Steve Virgadamo - varietals to grow in Se Connecticut

Thinking of planting small vineyard in southeast ct. I am not sure what varietals to plant. Is the ct growing season long enough for Cabernet?

Thank you for ant references or help.

Steven Virgadamo

Hi Steve,

Take a look at what is growing on Long Island to give you an idea of what will do well in your area. How much are you planting?

Assuming you don’t want to use a consultant, I’d start by calling your state’s agricultural department and then follow-up with a call to a local university with an ag department. The idea of growing grapes without consulting experts from your area strikes me as insane.

Depending on how close to the coast you are, your climate will be similar to, but probably a bit more continental than, the folks growing on the SE Mass coast. So you may want to look at what Westport Rivers does.
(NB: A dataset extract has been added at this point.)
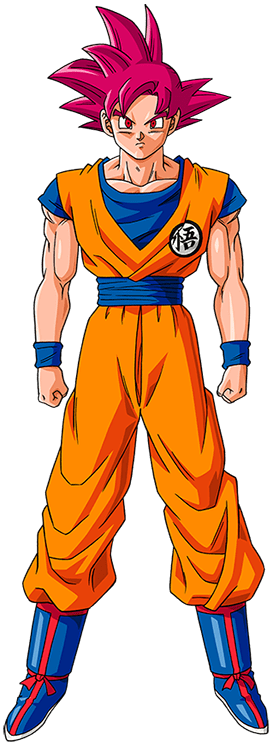 Immagine - Goku Super Saiyan God.png | Dragonball Wiki | FANDOM powered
The Long Island climate will not be indicative - your temps will be a bit cooler and your growing season shorter.

My hunch is that Cab Sauv would be impossible, and you may need to use hybrids unless you’re a ninja.

Have you thought about White Merlot or White Cabernet Sauvignon? How about Blueberry Bliss?

How southeast are you thinking? I’ve tasted some decent seyval blanc from CT, but from more inland locations.

Either Nova Vine or Vintage Nurseries has a sales rep for the east coast. He is a great resource for what should work in your area. You will also want to ask about root stock. Not sure if 101-14 or riparia is the standard up there or not but that is what is most common these days in Maryland and VA with some looking at 420A. I will look for his name and number/e-mail when I have time but I am leaving town so it may be next week. PM me a reminder if I don’t have anything to you by next Wednesday.

Only decent wines I have ever tasted from grapes grown in CT were from Seyval Blanc.

Ha! oops, South East Ct, basic geography before coffee is not recommended.

FWIW, the last couple of vintages at Hopkins Vineyard, up in NW CT, have been dramatically better than the wines they were making in the past, especially with respect to the straight vinifera bottlings. Even the Cab Franc isn’t terrible.

Maybe its time for another trip on the CT wine trail, its been a few years. IIRC I always found Gouveia Vineyards’ wines to be the most palatable.

Interesting. especially true since you are about the last person I would expect to say anything good about CT wines.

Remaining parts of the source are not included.